The group yoga practice has necessarily shifted during this portion of the journey. At many of the hotels we've been granted open space for group self-practice, which has sustained many. Others express a yearning for that shared group experience which works as an adhesive keeping the group glued together.
This trip is definitely the maiden voyage. We're all learning together. And yet, amidst the challenges and the things that might be better executed differently, it is still perfect in its own idiosyncratic way.
Tuesday, September 16, 2008
After leaving the houseboat, our mission was to get to Delhi.
The flight carrying 15 of the group was too full by the time the last 3 pilgrims signed on, so that small group had to fly from Cochi to Bangalore for the night. Early the next day they would then fly to Delhi, with the rest of the group arriving one-half hour later. Or so was the plan.
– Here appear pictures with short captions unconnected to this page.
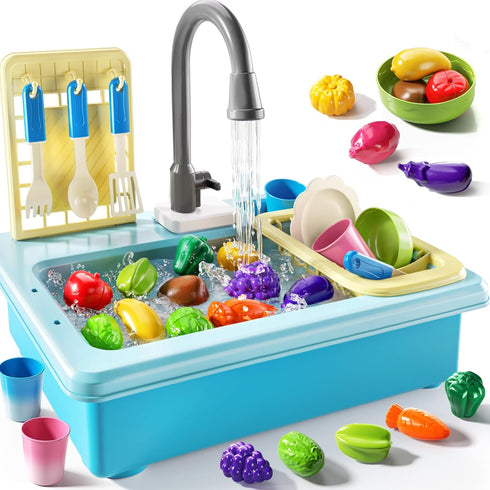 JUKUDAHU Play Sink with Running Water, Play Kitchen Toys Sink for Kids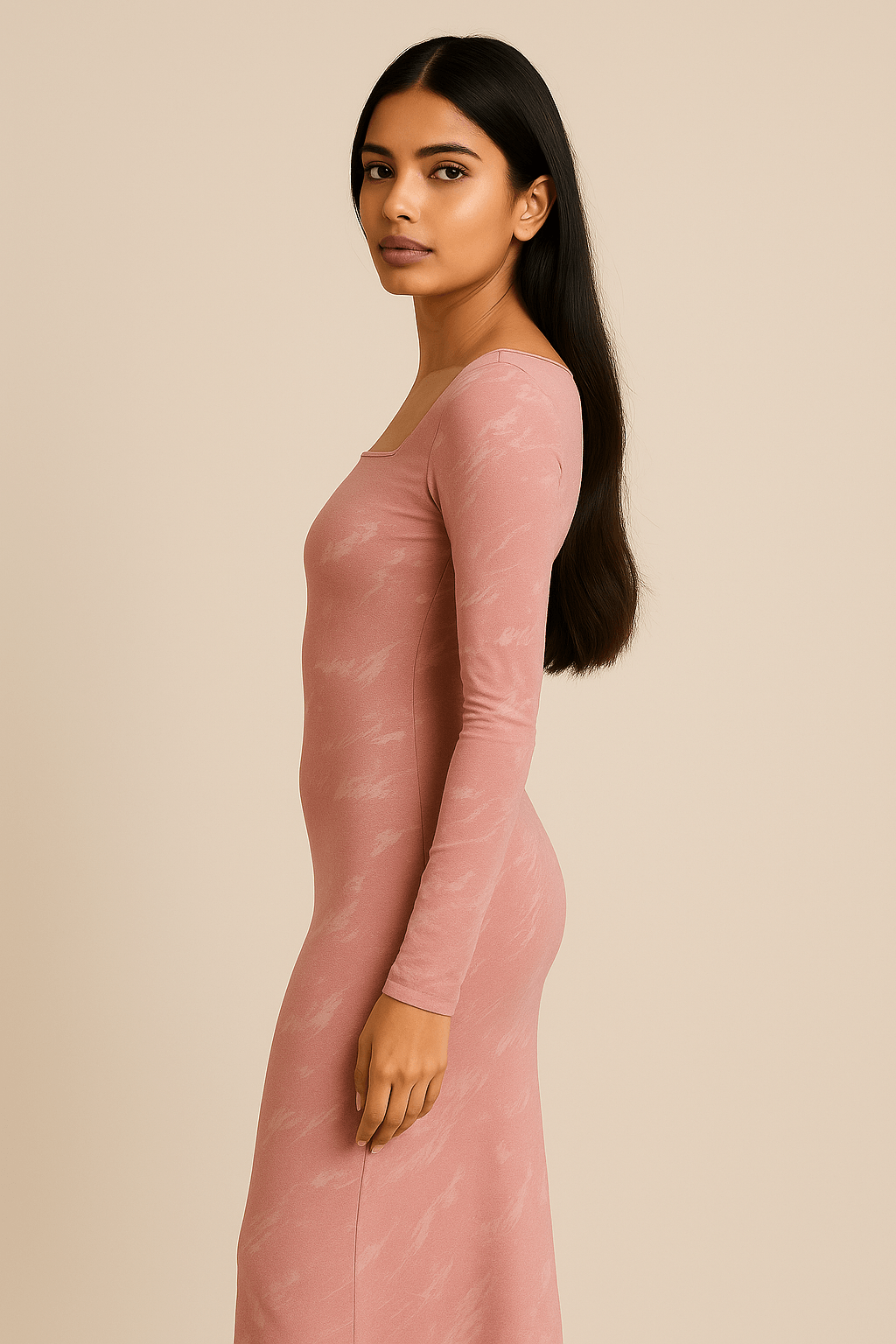 Blush Mist Bodycon Dress for Women | Elegant Cotton Lycra Fit by TheMadhuStore - The MadhuBlush Mist Bodycon Dress for Women | Elegant Cotton Lycra Fit by TheMadhuStore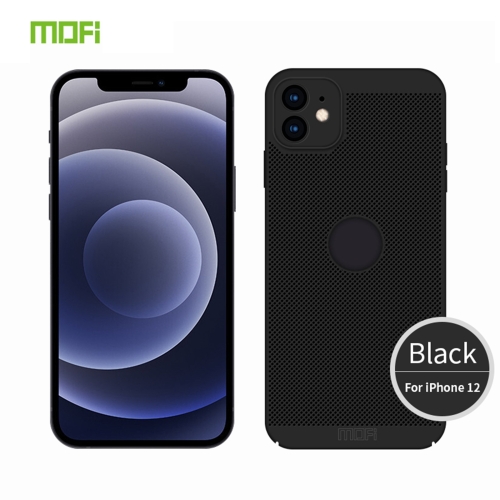 

MOFi Honeycomb Texture Breathable PC Shockproof Protective Back Cover Case For iPhone 12(Black)
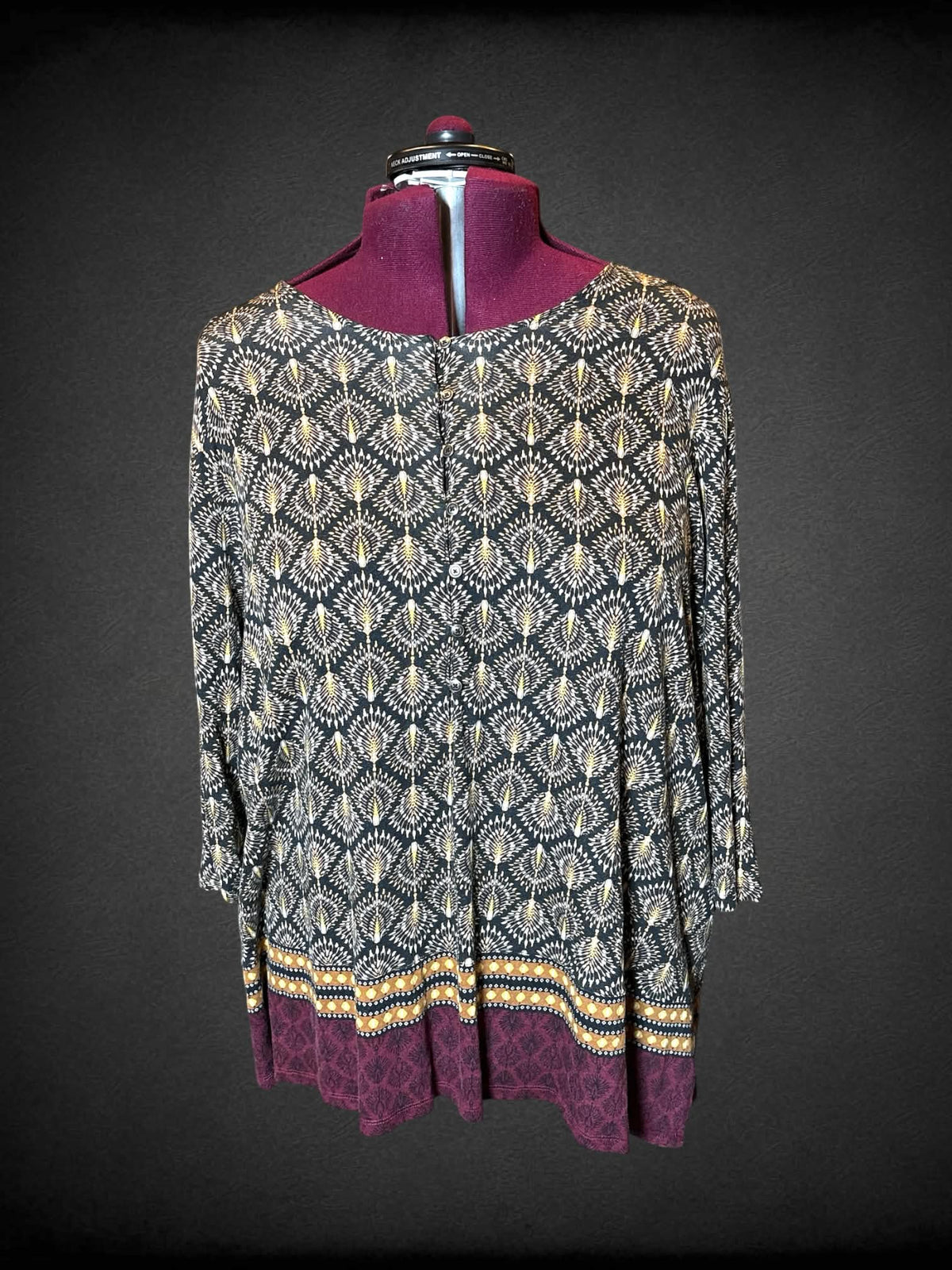 3X J. Jill black flowy blouse with buttons on front, and ornamental pattern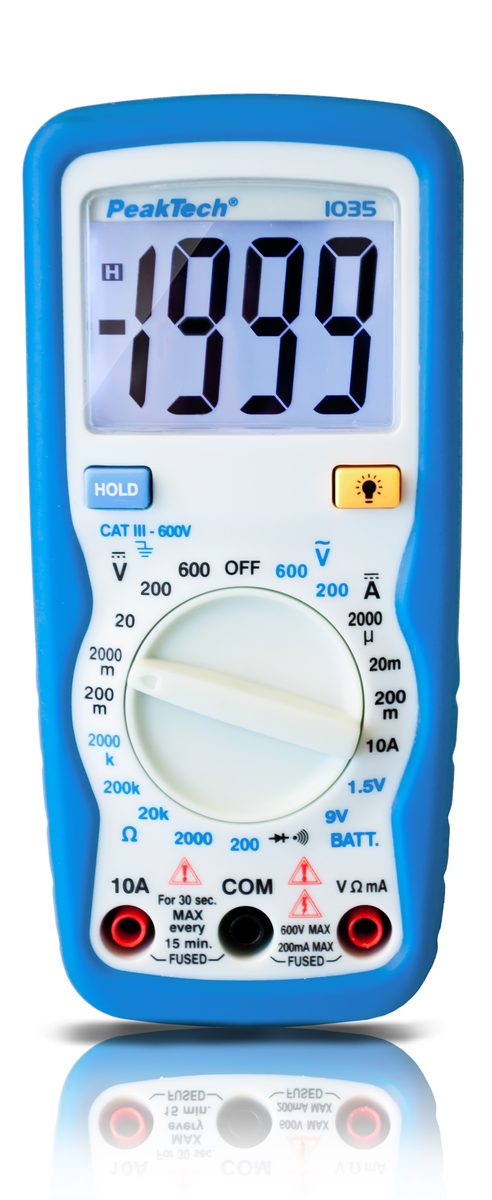 Digitāls multimetrs, 600 V AC/DC, 2000 vienību indikācija, P 1035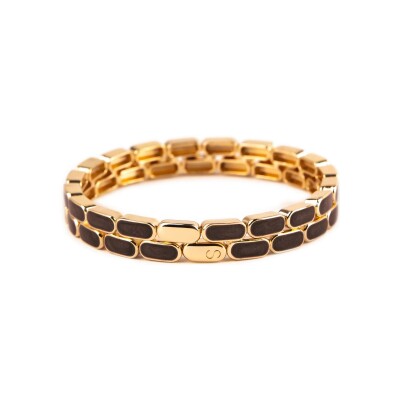 Bracelet Simone à Bordeaux Linéa Carrara Chocolat en métal doré émaillé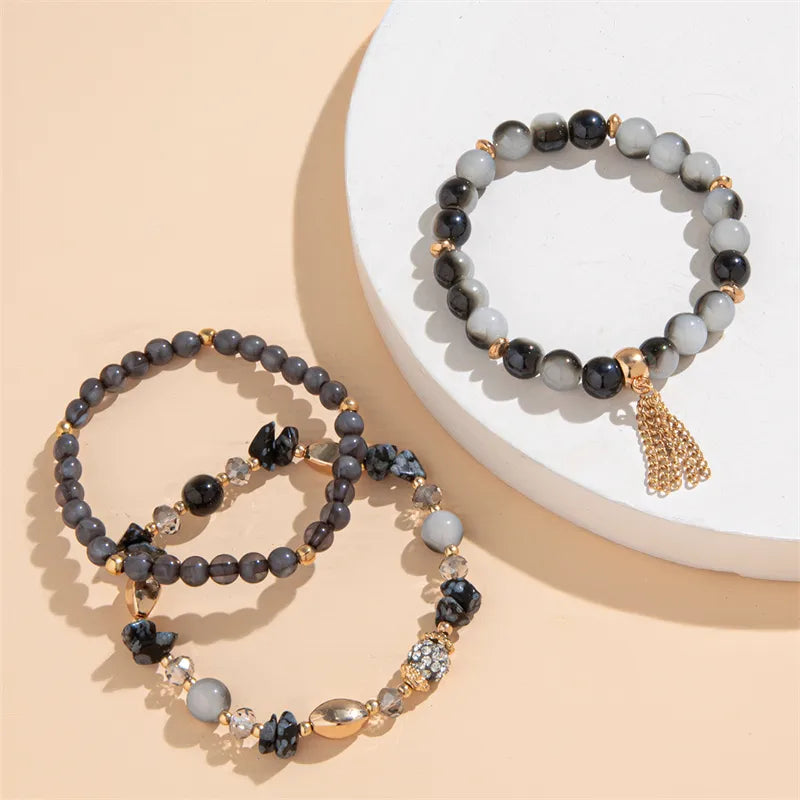 Simple Style Classic Style Round Artificial Crystal Alloy Gravel Wholesale Bracelets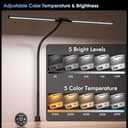 EYOCEAN Schreibtischlampe, Doppelkopf Schreibtischlampe Klemmbar, 24W 80cm Tageslichtlampe Schreibtisch mit Fernbedienung, Dimmbare Monitor Lampe, Büro Tischlampe, Augenschutz Bildschirmlampe - 5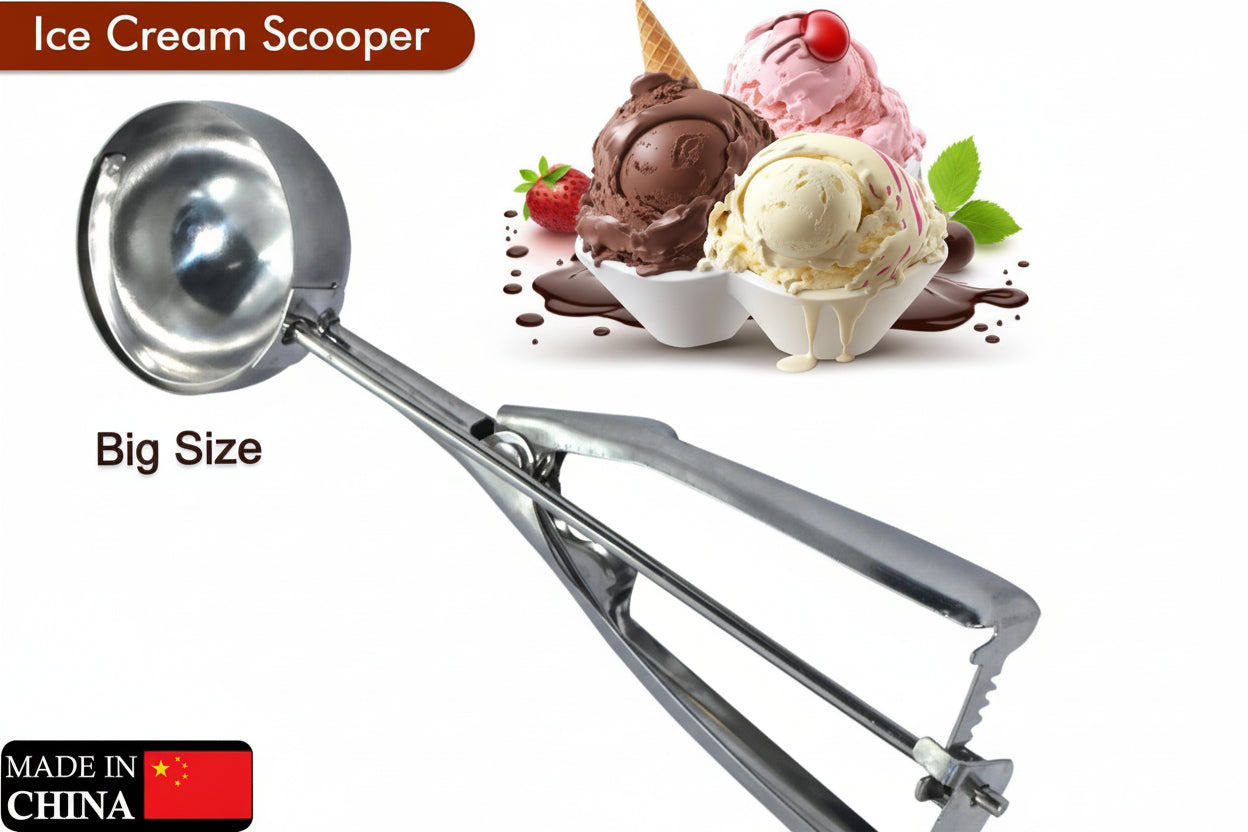 2418  Ice Cream Serving Scoop  Stainless Steel Premium Quality Ice Cream Serving Spoon Scooper With Trigger Release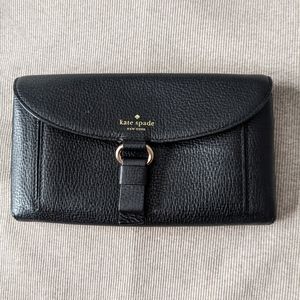 Kate Spade black leather wallet clutch Jaime...
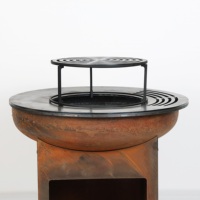 Barbecue d'extérieur en acier rouillé avec brasero et plancha, structure KD, pour jardin, vente en gros usine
Our tour organizer, the very calm and organized Col. John, assured us that arriving at the airport one-hour in advance was good enough. However, it turns out the flight was over-booked, so just 4 of us got to travel to Delhi to meet up with the other three, while the rest of the group were being moved to another flight. Their itinerary had them leaving Cochin just 1 hour later, jumping to Mumbai to pick up more passengers and then landing in Delhi. They should have been just 90 minutes later. Of course, that flight was delayed, and they didn't arrive at the Hotel Good Times until 3:30 pm.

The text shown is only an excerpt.